毎日餌を置く際に、前日置いた餌の跡を観察し、どんな生き物が食べたのか推測する。

箒(ほうき)で掃いた後のように米ぬかがキレ~イになくなっている時は、たぶん図体の大きい猪が食べた跡。泥まで一緒に食べているわけで、人間からすると顔をしかめるが、猪が土を掘って筍や草の根、幼虫を食べていることを考えると、少々の泥は気にしないのだろう。一方、ぬかの山が半分しかなくなっていない時は、別の小さい動物が食べているんだと思う。

柿を鋭角に突っついた跡があるなら、くちばしのある烏(からす)なんかの鳥が食べたってこと。

栗は「猪なら器用に皮を剥(む)いて食べる」と聞いている。足の蹄(ひづめ)と歯を使うのか、栗がなくなって皮の半分くらいがそのままが残っている時は猪だと喜ぶのだが、めしゃげた栗が残っていると、食べたのは猪ではなく狸か穴熊かと、わたしの口はへの字になる。

烏につつかれるのを防ぐために、実際には色鮮やかな柿の上に落ち葉をかぶせる。甘柿がなくなっても、もいでおいた渋柿が柔らかく熟れてくると使う。

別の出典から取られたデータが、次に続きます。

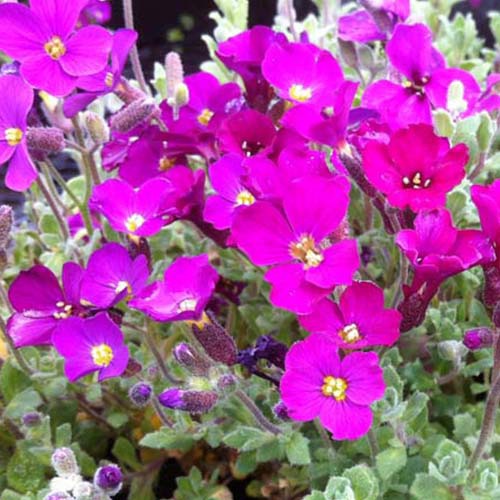 Aubrieta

この柿が、毎回必ずなくなるのだ。熟柿は匂いが強い。動物を引き寄せる効果が強いんだと思う。それにかなり甘い。どうも野生動物だって甘い味が好きらしい。人間と同じなのか、と笑えてくる。まぁ生理学的に言うならば、糖分の高い食物は高エネルギー源だから、人間を含めた動物は生き延びるために積極的にとる、という嗜好習慣が発達するらしい。

ついでに周囲を観察する。

低いトンネルのような空間が何カ所か笹の間に続いているのは、たぶん獣道だろう。わたしに見えない夜の間に、そこを猪や穴熊がのそのそと歩いているのを想像すると、なかなか楽しい。